Third, the pressure transmitter in the discharge cone at the bottom of the product cooler is supposed to indicate zero psig under normal circumstances. On March 3, 1999, it clearly was not. If this had been recognized by a ProfitInc control room operator, the Everlasting valve would have been closed. Further, Forosuka should have programmed logic which would have automatically shut off the Everlasting valve under the adverse pressure circumstances which manifested on March 3,1999.

As the documents show, a choked feed was necessary to ensure safe operation. With no load cells and improper logic connecting the data from the temperature probes to the control room, safe operation was not ensured. Forosuka and ProfitInc were both aware that before starting the product feeder, it was necessary to open the valve to feed product from the fluid bed reactor to the cooler to ensure a choked feed. ProfitInc knew from the documentation that it was to ensure a choked feed either from the load cell input or from the temperature probes; however, with improper load cell input, the only way to ensure a choked feed was to evaluate the temperature probes at the inlet and outlet of the product cooler. Clearly this was not done on March 3, 1999. If the control room operator had been paying attention to the inlet and outlet temperature readouts, he would not have allowed anyone in the pit area under such circumstances. And to do so constituted malicious actions, even under the current conservative definition.
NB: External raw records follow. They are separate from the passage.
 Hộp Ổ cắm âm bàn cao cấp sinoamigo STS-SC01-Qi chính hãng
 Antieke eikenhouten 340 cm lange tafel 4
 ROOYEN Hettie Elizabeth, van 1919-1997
ProfitInc and Forosuka had actual awareness that they were never to open the Everlasting valve without the product feed from the fluid bed reactor open and flowing. The documentation clearly shows that if the product feed is lost or shut off, the feeder must be stopped to prevent the level of product from dropping below the top of the exchanger plates. On March 3, 1999, to the contrary, the product feed from the reactor was intentionally shut off by ProfitInc employees, the Everlasting valve was opened, and the feeder was running. This circumstance coupled with the lack of product in the cooler and the rat-hole effect allowed the process gases to escape, thus causing the conflagration. It was clearly explained in the Danniko documentation to Forosuka that this situation was to be avoided. ProfitInc knew this, yet proceeded on March 3, 1999, to create this malicious situation.
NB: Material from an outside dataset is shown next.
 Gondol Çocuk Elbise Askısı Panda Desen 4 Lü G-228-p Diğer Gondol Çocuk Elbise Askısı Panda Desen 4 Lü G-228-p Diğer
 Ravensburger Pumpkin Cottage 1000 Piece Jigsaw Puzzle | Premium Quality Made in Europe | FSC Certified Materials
Thus, proper acknowledgment of either of the three hazard indicators would have signaled a ProfitInc employee that the weigh belt conveyor (feeder) should have been stopped pending resolution of the problem. Clearly, it was within Forosuka and ProfitInc's knowledge that if the process gases interacted with the open air of the pit, combustion could occur, thus severely injuring or killing those in the pit. In our opinion, these factors raise a fact issue for the jury as to whether the failure of Forosuka and ProfitInc to apply the knowledge which they had to protect Hunter and others from extreme risk of harm constitutes malice.

X. CONCLUSION

As should be clear from the information which we are providing and which we will supplement in the videotape which we are preparing for the mediation, we are taking an open disclosure policy in order to provide everyone sufficient information for evaluation of the case. It is our opinion from our knowledge of the facts surrounding liability.
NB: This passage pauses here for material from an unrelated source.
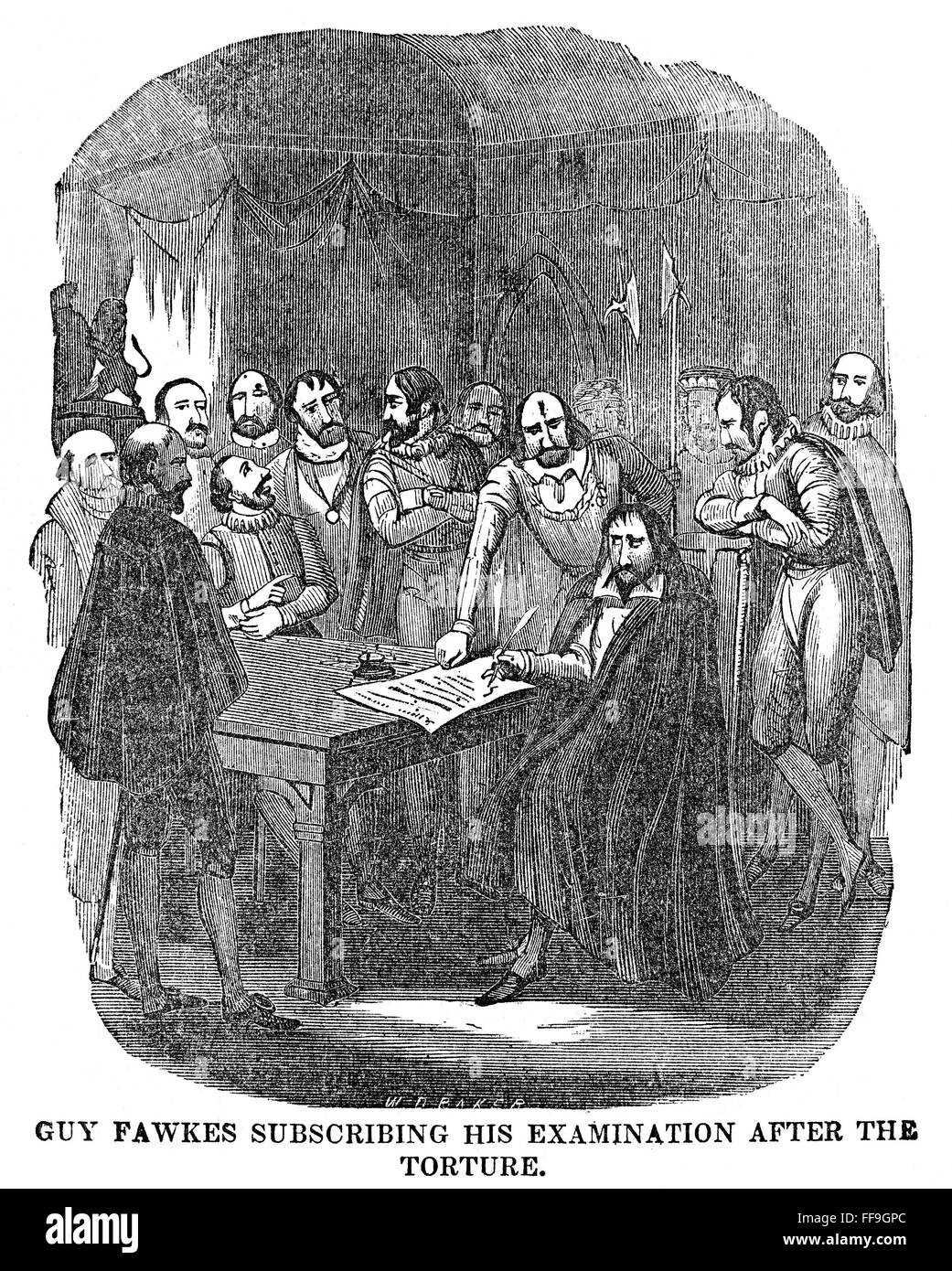 GUY FAWKES 1570 1606 nEnglish Conspirator Guy Fawkes Signing His guy-fawkes-1570-1606-nenglish-conspirator-guy-fawkes-signing-his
Harry and Charlott Hunter have expressed two points to us as their attorneys which we are free to share with you. First, they would like to settle this case in order to get on with rebuilding their lives. Secondly, they have suffered extensively and will continue to suffer extensively as a result of the negligence of the Forosukas and they expect to be fully compensated for their unnecessary suffering. Therefore, we are instructed by our clients to make every reasonable effort to settle this case for its full settlement value but if the case cannot be settled at this mediation, we are instructed to withdraw from settlement negotiations and proceed to trial at the earliest possible setting.

If further information which is under our control is needed to help in the evaluation of the case, please notify us immediately and we will attempt to obtain it for you.